Ron: the nominations for Vice-President. Richard Greene: I nominate Harvey. Alan: second.
Ron: all in favor? Six to One.
[Editor’s note: Ron did not identify the lone dissenter, so we inquired and were advised that it was Sue Schmer.]
[Editor’s further note: Harvey, welcome to your first day as vice-president.]
Ron: Treasurer. Richard Greene, seconded by Robert. All in favor? Unanimous.
[Editor’s note: it was not clear who nominated Richard and no other request for nominations was made by Ron.]
Ron: Secretary. Harvey: I nominate Linda. Ron: Linda declines. Jeff: I nominate Sue. Sue: I decline. Ron: Alan said he’ll do it. Robert, seconded. All in favor? Unanimous. Adjourned at 8:13pm. Sue: we need to vote. Ron: all in favor? Passes unanimously.
[Editor’s note: the officers are as follows:
President: Jeff D. Green
Vice-President: Harvey Ginsberg
Treasurer: Richard Greene
Secretary: Alan Silver
By the way, per the governing documents, neither the Treasurer nor the Secretary are required to be Board members. They can be ordinary members from the ranks of the entire membership. There does not seem to be a mechanism at this Organizational Meeting to allow for the nomination of non-Board member officers for Treasurer or Secretary. Just something to think about for the future.]

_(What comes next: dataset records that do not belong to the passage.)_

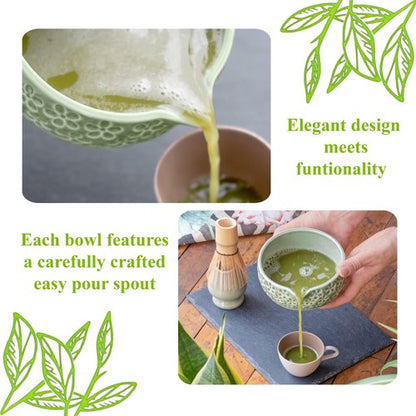 Marce Matcha Whisk Set- Matcha Set includes Matcha Whisk and Bowl, Sifter, Holder and Scoop- The Perfect Bamboo Whisk for Matcha Tea (Molted Green)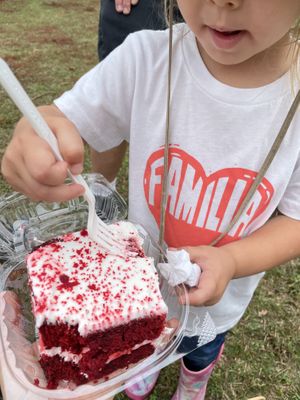 Red velvet cake slice at Falaya Bakehouse in Mandeville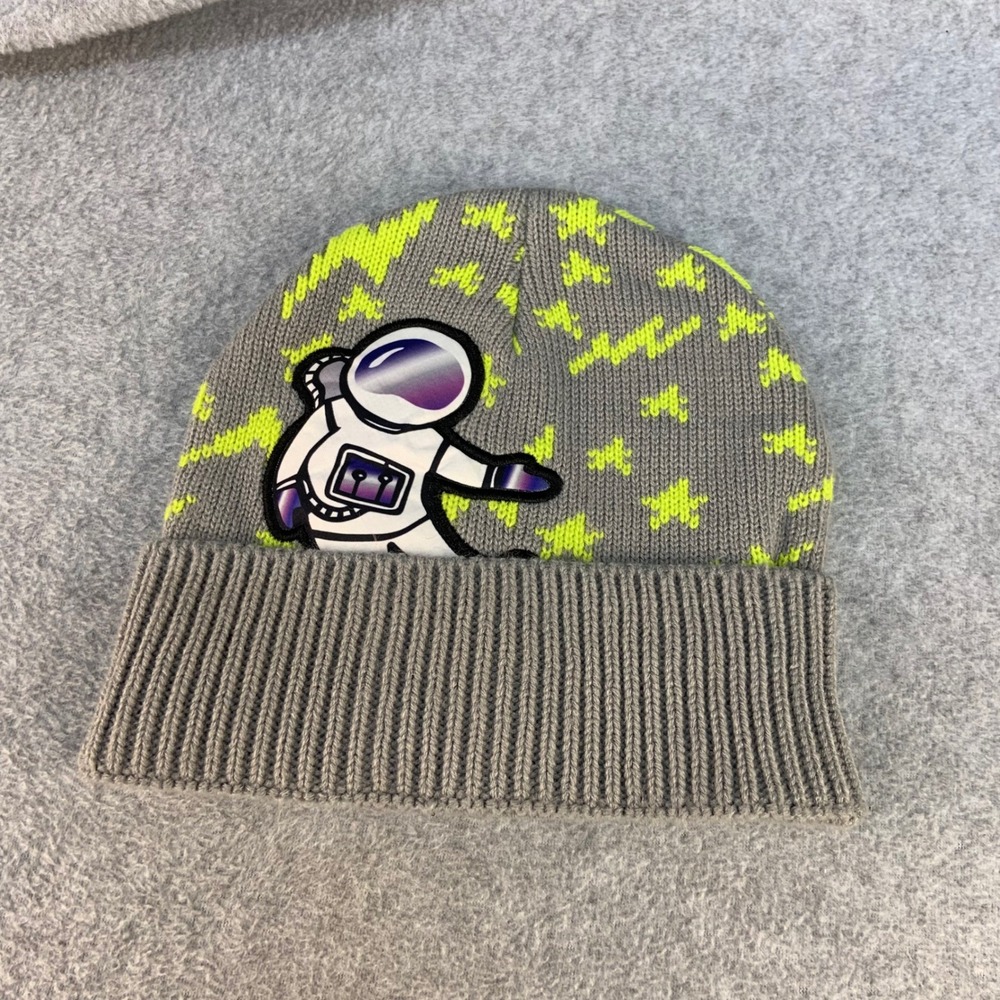 Astronaut Patch Boys Grey Neon Green Knit Beanie Space Theme One Size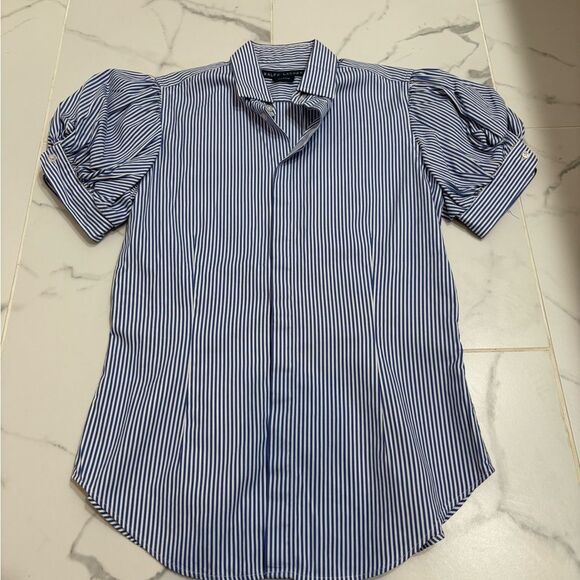 Ralph Lauren Tops - Ralph Lauren Blue and White Striped Puff Sleeve Button Up Shirt Top size 6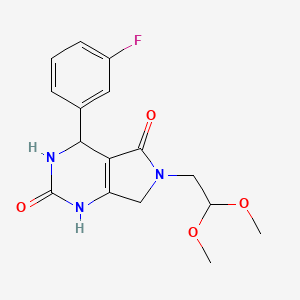 molecular formula C16H18FN3O4 B2755255 6-(2,2-二甲氧基乙基)-4-(3-氟苯基)-3,4,6,7-四氢-1H-吡咯并[3,4-d]嘧啶-2,5-二酮 CAS No. 1171189-33-5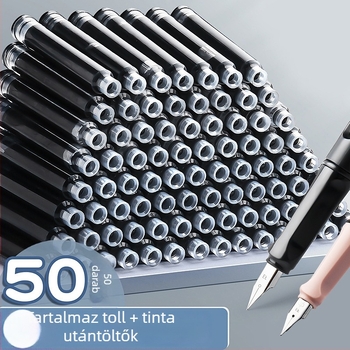 Töltőtoll tinta-sak patronok, 50 darabos készlet, univerzális kompatibilitás, modell MN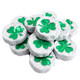 Solid milk chocolate shamrocks, white foils with bright green shamrock design, approx 55 per pound for St Patricks Day.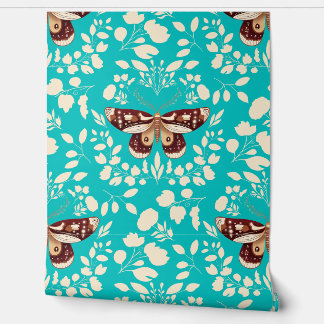 Braune Moth & Cream Foliage Tapete auf Türkis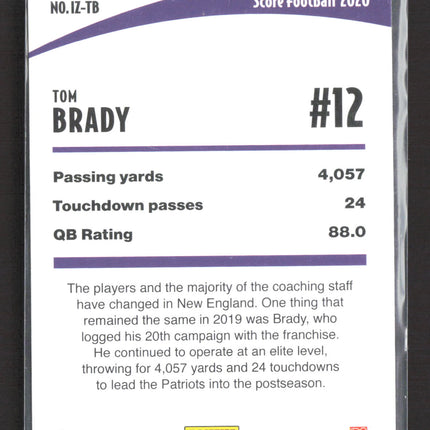 2020 Panini Score Football In The Zone Tom Brady #IZ-TB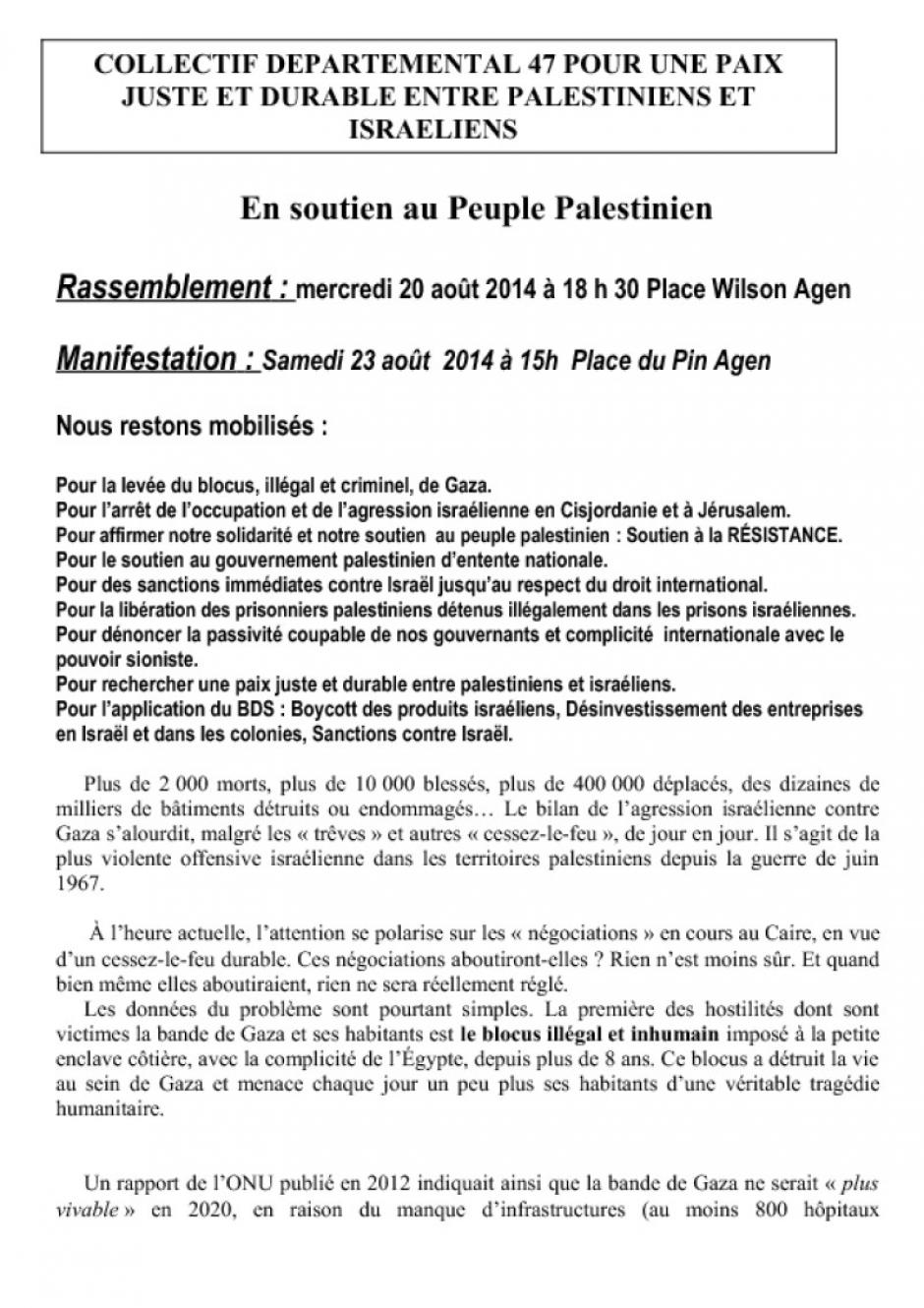 Manifestation pour la Palestine le samedi 23 aout 2014 à 15h à Agen ( Place Wilson )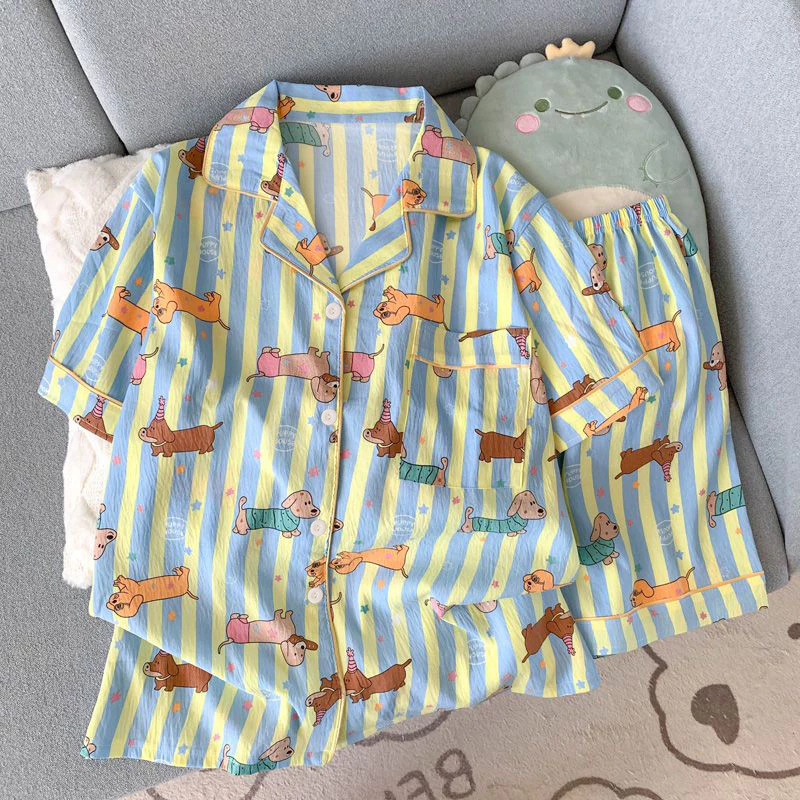 Bộ Đồ Ngủ Nữ Cotton Mây Mùa Hè Mới Tay Ngắn Quần Đùi Áo Cardigan Cổ Tròn Mặc Nhà Thoáng Mát Thoải Mái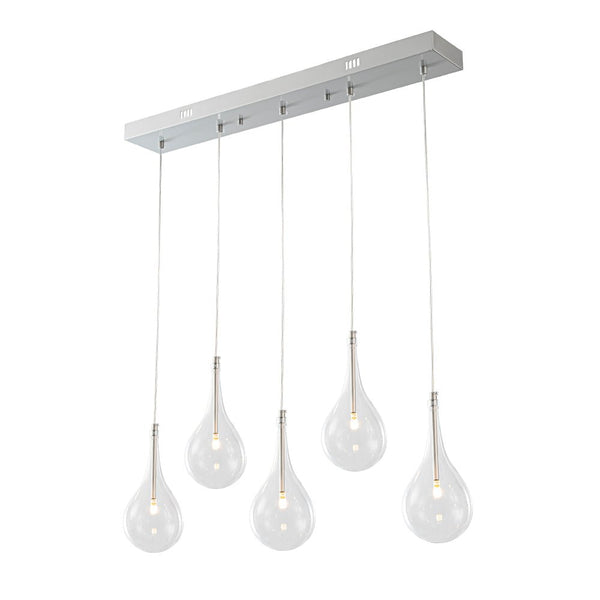 Chandelierias - Modern Sliver 5 - Light Clear Balloon Glass Bubble Chandelier For Dining Room Entryway - Chandelier - Linear -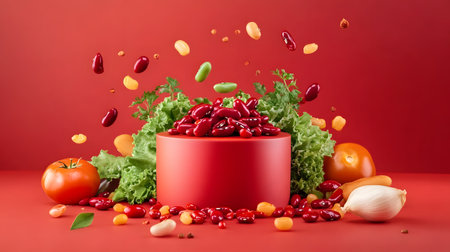 Visually striking image of a red kidney bean podium surrounded by an array of fresh, colorful vegetables on a plain red background. This image is perfect for food-related product advertising.の素材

[Editor’s further note: We do not hold the Zoom operator’s failure to unmute the beginning of the Organizational Meeting against him because we give him the benefit of the doubt and presume that he was following instructions from someone; we would like to know who that someone was and why that someone flagrantly violated the Florida statute.
That being said, a big shout-out to Zoom operator Mike Blackman and his faithful assistant, Arnie Green, for doing a great job administering the Zoom meeting. We thank them for their continued service and volunteerism.
We also thank Jeff F. Green for his assistance presumably with the Owl system, which was also very helpful so that we could see all angles of the room where the counting was taking place.]
And so concludes the 2021 Annual Meeting and our Special Report. The first Board meeting of the newly installed Board (not counting the brief but flawed Organizational Meeting reported on above) is April 7, 2021 at 9:30am. Cheerio until then!